Define: overthinking

<ramble>

I think too much. Or so people keep telling me. And they may have a point.

Anyway, so I'm working on this assembly version of toncset for, well, just because I guess. A fill routine has 3 parts: a head, a main run and a tail. The main part fills 32-bit chunks (words) when there's more than 4 bytes left and when the destination is word-aligned. This part is easy, because you can just dump words with stmia or str. For an example of this, see my older memset16 post.

The tail is for the remaining bytes after the main part. Under normal circumstances you could do this byte for byte, but some sections of GBA/NDS memory do not take kindly to byte-writes, so you'd have to read the word, mask the appropriate bytes out/in and then write it back. This is mostly just annoying, but still very doable.
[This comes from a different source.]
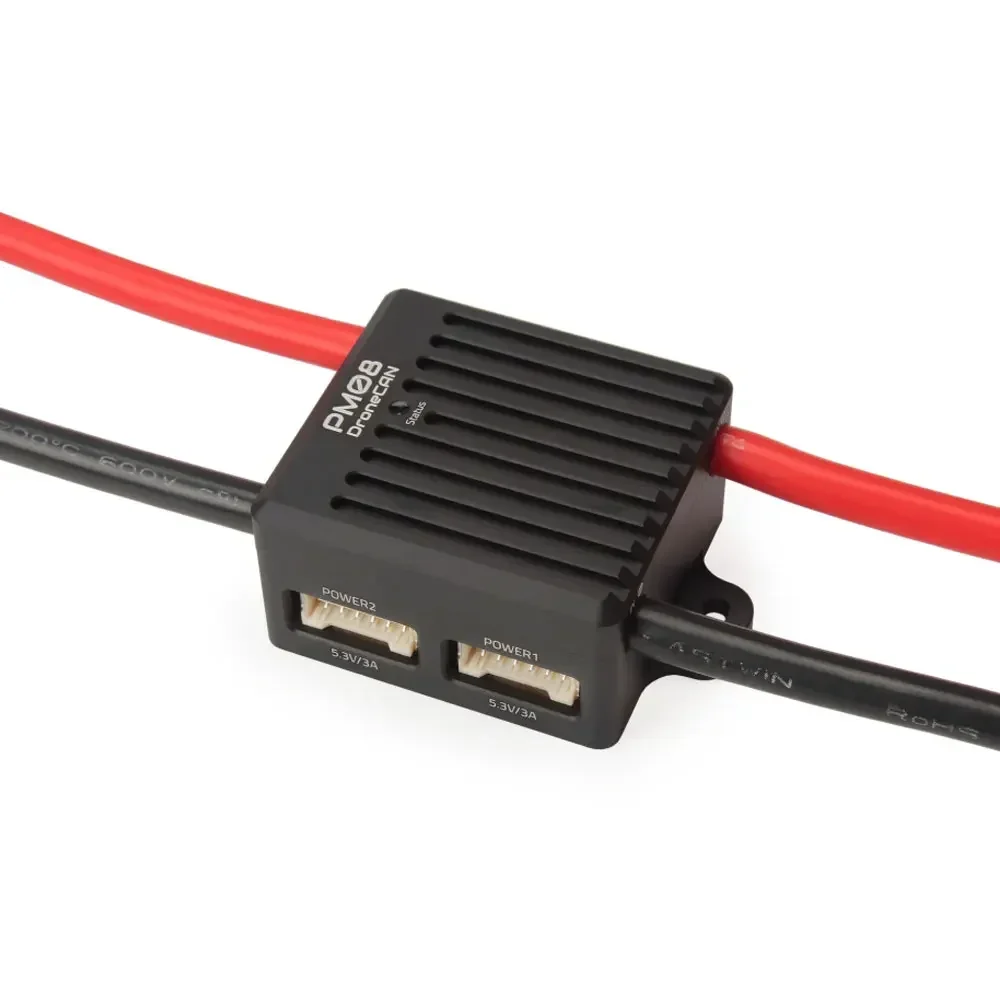 Holybro DroneCAN PM08-CAN Power Module 14S 200A Supports 2-14S & 200A Cont For RC Model/Airplane/Quadcopter thumbnail 2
The head part, however, is both annoying and tricky. It consist of filling the unaligned bytes in the first word of a run so that the main part can do its thing. This is similar to the tail part, in that it requires bitmasks. However, it's also possible that both the beginning and and of a run occur in the same word, effectively making the head the tail as well, so you'd have to apply a double mask … somehow. In C, it looks something like this:

/* Input:
  void *dstv;   // potentially non-aligned
  u32 fill;     // Already extended to full 32-bit if appropriate.
  uint size;    // > 0
*/


u32 addr= (u32)dstv;
int left= addr&3;
if(left != 0)
{
    u32 *dst= (u32*)(addr&~3);
    int right= left+size;
    u32 mask= 0xFFFFFFFF;

    if(right < 4)   // Everything in a single word: head and tail.
    {
        mask= ~(mask<<8*size);          // Create right-mask 000F
        mask <<= 8*left;                // Create mid mask 00F0
        *dst = (*dst &~ mask) | (fill & mask);
        return;
    }
    else
    {
        mask <<= 8*left;                // Create left mask FFF0
        *dst = (*dst &~ mask) | (fill & mask);
        size= right-4;
        *dst++;
    }
}

This bit of C translates roughly into the following ARM code:

    @ Reglist
    @ r0 : dst
    @ r1 : src
    @ r2 : size
    @ r3 : left (dst&3) / right (left+size) / data
    @ r4 : lshift (left*8)
    @ r5 : rshift (right*8) / mask
    @ ip : maskBase (0xFFFFFFFF)
.Lfgset_head:
    bic     r0, r0,#3               @ Align dst
    mvn     ip, #0                  @ Set-up mask (0xFFFFFFFF)
    mov     r4, r3, lsl #3          @ (left*=8) != 0 : right-side only
    add     r3, r3, r2              @ right= left+size
    cmp     r3, #4

    @ <= 4 : single-word. Shrink mask, do usual and quit early
    movlo   r5, r2, lsl #3          @ \.
    mvnlo   ip, ip, lsl r5          @ - r5= ((1<<8*size)-1)<<(8*left);
    mov     r5, ip, lsl r4          @ /

    subhi   r2, r3, #4              @ Adjust size for follow-ups

    @ Mask in r1 and write back to dst
    ldr     r3, [r0]
    bic     r3, r3, r5
    and     r5, r1, r5
    orr     r3, r5
    str     r3, [r0], #4

    bhi     .Lfgset_main            @ Longer stretch : go back.
    bx      lr                      @ Single-word fill : finished.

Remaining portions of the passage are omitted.